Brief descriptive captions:
--- --- ---

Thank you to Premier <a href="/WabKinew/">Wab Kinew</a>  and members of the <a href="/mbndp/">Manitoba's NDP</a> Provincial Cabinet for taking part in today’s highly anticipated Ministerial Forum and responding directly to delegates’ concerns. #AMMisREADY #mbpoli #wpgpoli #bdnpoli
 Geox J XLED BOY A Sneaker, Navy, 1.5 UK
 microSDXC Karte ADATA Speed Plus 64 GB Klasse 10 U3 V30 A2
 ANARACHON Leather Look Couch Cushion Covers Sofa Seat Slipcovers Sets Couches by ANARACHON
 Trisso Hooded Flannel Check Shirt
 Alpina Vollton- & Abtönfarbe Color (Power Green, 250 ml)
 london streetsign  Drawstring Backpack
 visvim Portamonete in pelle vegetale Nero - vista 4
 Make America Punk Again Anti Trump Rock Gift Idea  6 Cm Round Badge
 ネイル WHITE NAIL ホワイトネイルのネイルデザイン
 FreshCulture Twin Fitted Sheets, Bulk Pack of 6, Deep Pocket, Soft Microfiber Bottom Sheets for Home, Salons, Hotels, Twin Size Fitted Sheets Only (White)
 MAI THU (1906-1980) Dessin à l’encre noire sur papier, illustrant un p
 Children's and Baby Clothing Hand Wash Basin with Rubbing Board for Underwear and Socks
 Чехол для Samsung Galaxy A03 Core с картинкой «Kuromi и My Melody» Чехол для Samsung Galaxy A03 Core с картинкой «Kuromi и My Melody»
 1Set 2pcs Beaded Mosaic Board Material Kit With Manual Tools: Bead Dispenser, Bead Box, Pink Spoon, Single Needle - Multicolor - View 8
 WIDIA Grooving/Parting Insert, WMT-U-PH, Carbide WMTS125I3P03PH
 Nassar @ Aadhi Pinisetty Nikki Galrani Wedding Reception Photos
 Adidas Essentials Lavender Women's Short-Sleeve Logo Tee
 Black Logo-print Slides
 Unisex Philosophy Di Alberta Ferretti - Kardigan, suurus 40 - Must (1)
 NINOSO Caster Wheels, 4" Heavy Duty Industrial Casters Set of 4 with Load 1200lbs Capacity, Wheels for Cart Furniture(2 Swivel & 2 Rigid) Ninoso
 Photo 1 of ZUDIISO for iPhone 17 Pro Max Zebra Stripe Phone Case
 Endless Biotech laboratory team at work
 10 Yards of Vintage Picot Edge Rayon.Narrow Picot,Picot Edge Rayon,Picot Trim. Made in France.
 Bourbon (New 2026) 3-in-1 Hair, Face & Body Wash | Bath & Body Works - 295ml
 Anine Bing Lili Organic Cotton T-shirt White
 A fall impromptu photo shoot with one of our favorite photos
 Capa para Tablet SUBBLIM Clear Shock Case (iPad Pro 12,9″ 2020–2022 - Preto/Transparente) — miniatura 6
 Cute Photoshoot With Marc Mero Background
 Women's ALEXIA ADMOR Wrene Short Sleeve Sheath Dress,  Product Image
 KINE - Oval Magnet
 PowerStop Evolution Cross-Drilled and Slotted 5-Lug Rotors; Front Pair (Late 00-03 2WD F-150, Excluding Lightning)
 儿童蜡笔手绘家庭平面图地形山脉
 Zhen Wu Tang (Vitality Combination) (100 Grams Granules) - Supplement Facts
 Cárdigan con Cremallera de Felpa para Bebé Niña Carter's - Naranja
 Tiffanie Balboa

--- --- ---

Task instructions: Find each line in the data above with the word "Logo", then copy it.

Response to this exercise:
 Adidas Essentials Lavender Women's Short-Sleeve Logo Tee
 Black Logo-print Slides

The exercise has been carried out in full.